[Tfug] RDBMS reprise

Wed Jan 23 17:14:11 MST 2008

Hi, Tim,

--- Tim Ottinger <tottinge at gmail.com> wrote:

> Bexley Hall wrote:
> > I don't see any way to *avoid* making two (or
> more)
> > passes at the server to get all the data that an
> > application may need (e.g., the PDA example I
> > sited is a great model for thinking about the
> > sorts of issues that can arise... "How large of
> > an address book do you expect the user to have?
> > How many fields in each 'contact'?"  etc.)
>   
> Okay.  Have you worked on making more, narrower
> queries?
> for instance, if you want the address book, you
> probably don't really want the address book.

<scratches head>  Huh?  (typos)

> You might want record ID and
> name first, which is less bandwidth and local

I don't worry about bandwidth.  Just storage on
the client.

> storage.  Maybe
> you also only want As and Bs for the first screen. 
> When
> someone selects a person by name, then you might
> want the one person's record.
> 
> Did you already do that?   The initial question
> sounded like you wanted too much at once.
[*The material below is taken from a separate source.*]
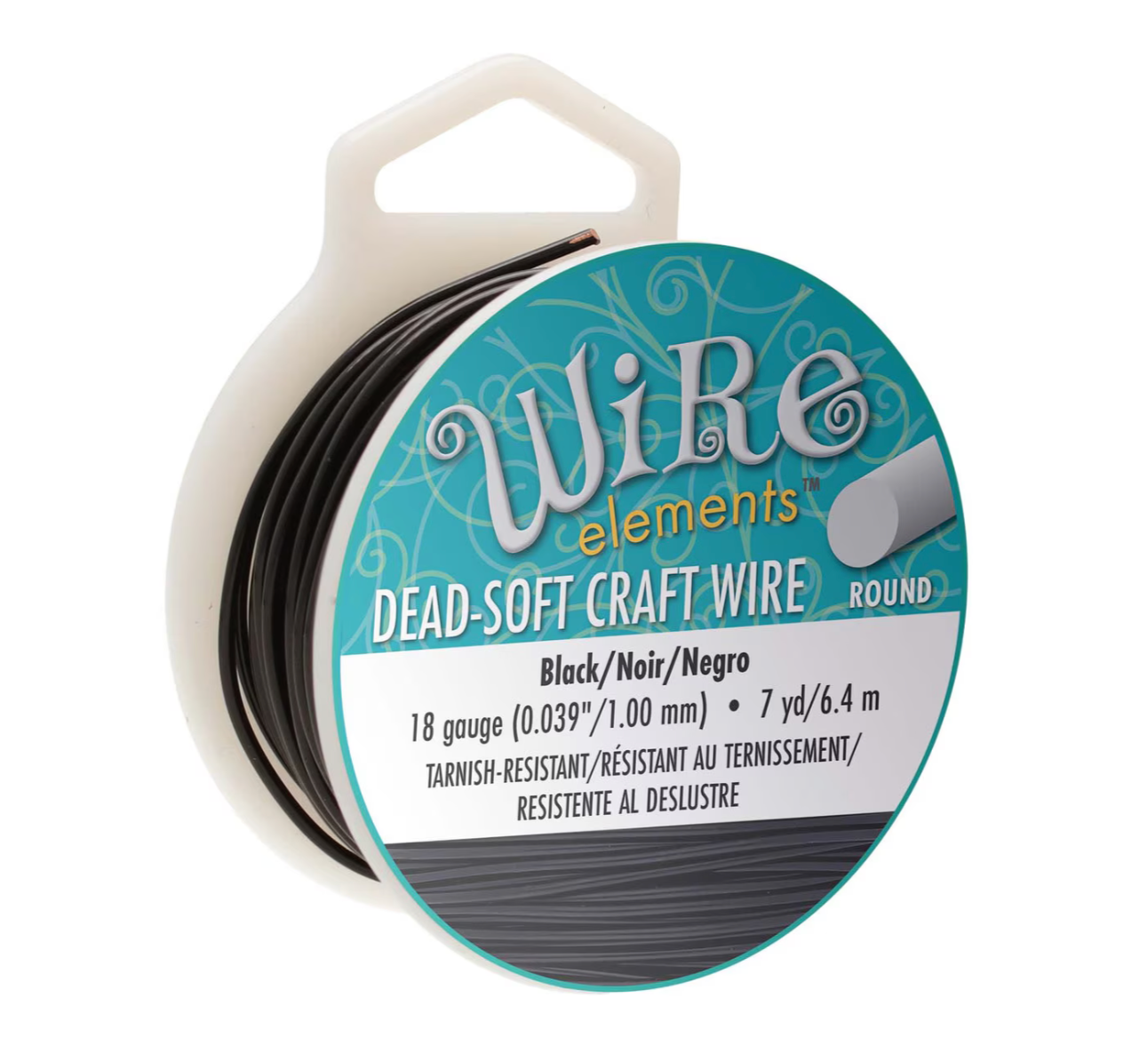 A spool of Wire Elements Dead-Soft Craft Wire in black, featuring a white plastic hanger spool with a teal and white label.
If I take things "in small bites" (as you suggest)
then I run the risk of the dataset changing between
the time I look at the first *portion* of the data
and the *rest* of the data.  (e.g., John Doe's
record can disappear, be renamed, etc. between
the time I pick "John Doe" and the time I issue the
query to retrieve the balance of his record.

While this is unavoidable, it violates the Principle
of Least Surprise:  the user *saw* there was a
"John Doe" in his address book and, now, when he
goes to look at john does's *record*, the device
complains that there is no such person!

(recall *users* don't understand that this is two
separate queries... they just see data that *was*
present is suddenly *not* present!)

> BTW:  Selecting by first letter of name is generally
> much cheaper than setting the 'first' and 'length'
> on a bigger query.  Especially if the db is indexed
> apropriately.
>
> > Currently, I qualify each successive query with
> > those from which it was (obviously) derived so
> > that I can tell if a record has "disappeared",
> > etc.  I can see no way around this possibility
> > short of explicit locking *or* implicit locking
> > (even client-side locking!)
>   
> Probably okay to be optimistic, then. I get 
> (id,name) as (1234, "Ottinger, Tim") then when I
> select my name, I select from people where
> id = 1234.  If there is no
> such record, then I know that something happened
> on the other end.

*You* (I, the programmer) know this is what happened.
But, Joe User doesn't understand this.  Instead, you
get a call to tech support (angry/confused customer)
and you have to explain what *might* have happened.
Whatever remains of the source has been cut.